Tape has spent some time on the ropes, but now it's back in the ring. After suffering five or more years of onslaught from pro-disk fanatics drunk on disk deduplication technologies, reality has struck home. Tape is cheaper than disk*. Tape is more reliable than disk and, the killer, tape's storage capacity can go on increasing …
A fine article,
apart from the spurious introduction of "gun pr0n". Do you, by any chance, aspire to be a Hollywood movie director?
ObTape: If the areal density of tape is so ridiculously low and we have the technology to write discs at very high density, what's stopping us from having PetaByte tapes today rather than in 10 years time?
Re: A fine article,
The substrate, I'd guess. Tape is a lot less precise and stable than disk.
Mind you, can you imagine LTO-6 (or -7, or -8) tape on an 18" reel, with a big upright tape drive like we used to have in the '70s?

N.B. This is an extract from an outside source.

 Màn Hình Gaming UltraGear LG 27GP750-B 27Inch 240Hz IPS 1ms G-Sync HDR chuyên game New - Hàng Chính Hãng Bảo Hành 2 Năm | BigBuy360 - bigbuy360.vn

That'd be awesome!
real density to 100Gbit/in2
On tape? Amazing. Hard to imagine how it is done. That is equivalent to about 6 Gigabytes per inch of DLT tape.
It's all about the surface area.
Tape has much, much more surface area than disk, on a much cheaper (if somewhat flimsier) substrate. Thus, cost per bit stored is way lower, at least once you've got enough data to write off the purchase of the tape drive.
Fiddling the numbers.
I wish the vendors would stop giving 'compressed' capacity. The bulk of data going on tape now consists of already-compressed multimedia and already-compressed office documents. That 2:1 is hopelessly optimistic.

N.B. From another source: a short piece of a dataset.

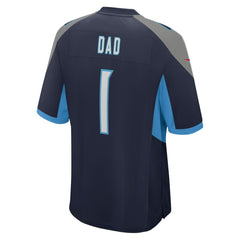 Tennessee Titans Number 1 Dad Game Jersey | NFL Outlet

I remember when getting 120Mbyte on a 2400' reel of 6250bps tape was a lot...
Is there a more updated version of that paper? It's from 2010.
This is why you need a ZX Microdrive...
Have they improved tape's loading speed from the 8-bit days?
If the ZX Spectrum could look approximately 16 KB in a minute (*), that's around 960 KB an hour, 23 MB in a day, 713 MB in a month (around a CD-R's worth) and 8.395 GB per year (around a dual-layer DVD's worth).
Or put another way, a gigabyte would take 44.5 days to load, a terabyte a thousand times longer at 44,500 days (i.e. 122 years), a petabyte 122,000 years, an exabyte 122 million years (which is probably in the ballpark of the uncompressed maximum capacity of IBM's 2.7 exabyte robot library).
And I bet that 121,999,999 years, 364 days, 23 hours and 58 minutes into the loading time it would say "R Tape Loading Error, 0:1"
Cost and offline capability
I'd say there's two big things pushing for tape:
1) Cost. for most uses this is the big one, and mainly what is discussed in the article.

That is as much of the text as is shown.